Пока забудь об этом, приказала она себе. Учись у него, наблюдай, что и как он делает.
Все-таки ее сравнение действительно удачное: терпение у Пэйджита кошачье, и глаза, неподвижные, голубые, — кошачьи глаза. А присущее ему изящество — это от самодисциплины и тренировки. Медно-красные волосы, острый нос, аккуратные черты лица — все почти как на знаменитой фотографии шестнадцатилетней давности.
Кристофер Пэйджит сделался известным в таком возрасте, что многие предрекали ему блестящую карьеру, — фотография Пэйджита попала на обложку журнала «Тайм», когда ему было всего лишь двадцать девять.
Готовясь к собеседованию — ей предстояла работа под его руководством, — она разыскала журнал в библиотеке. На той фотографии перед конгрессом выступает молодой юрист — воплощение идеализма и риска. Любопытство вело ее от статьи к статье, она заново знакомилась с фактами, о которых слышала, но по молодости лет не запомнила.
Это было дело Уильяма Ласко, близкого друга президента, оказывавшего последнему финансовую поддержку. Пэйджиту, следователю КЭП (Комиссии по экономическим преступлениям), была поручена проверка операций Ласко с ценными бумагами. Главный свидетель — служащий Ласко — погиб от «несчастного случая», которые называют «сбил — и ходу»: наехавший на него водитель с места происшествия скрылся. Свидетель оставил записку; смысл ее был неясен и зародил в душе Пэйджита подозрение, что кто-то из КЭП сообщает преступникам о ходе расследования.
Спустя некоторое время ему удалось раскрыть коррупцию в самой КЭП, и нити, судя по всему, вели в Белый дом. Потом похитили второго свидетеля. Пэйджит продолжал упорно вести расследование, тогда попытались убить и его — он тогда уже начал постигать смысл махинаций Ласко.
Как оказалось, суть сделок была в перекачке полутора миллионов долларов в компанию самого президента.
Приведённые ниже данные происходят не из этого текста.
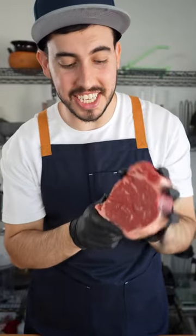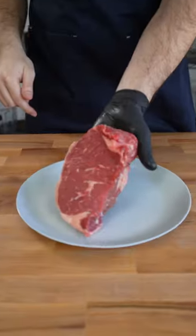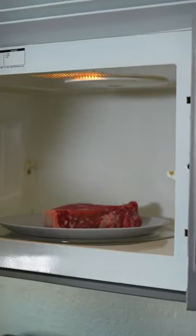This is the craziest steak hack I've ever seen. We start by putting our raw steak onto a glass plate. We're gonna put this in the microwave and I know that sounds crazy, but trust me.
А человеком, выдававшим сведения о ходе следствия по делу Ласко, был председатель комиссии, в которой работал Пэйджит. Звали его Джек Вудс.
Терри обнаружила, что ясности — раскрыл ли Пэйджит полностью коррупцию в КЭП — никогда не было. Но благодаря ему история попала в «Вашингтон пост», и он же доложил о ней конгрессу. Был найден и вышел на передний план второй свидетель — молодая женщина-юрист, старший помощник Вудса. В результате Вудс и Ласко были приговорены к тюремному заключению, а на политической карьере президента был поставлен крест.
Автор газетной статьи желчно писал: Кристофер Пэйджит — первый из двадцатидевятилетних, кому удалось скомпрометировать президента, не прибегая к сексу. Автор был слегка уязвлен — на все просьбы дать интервью Пэйджит отвечал отказом.
Терри не помнила случая, когда бы он заговорил о деле Ласко.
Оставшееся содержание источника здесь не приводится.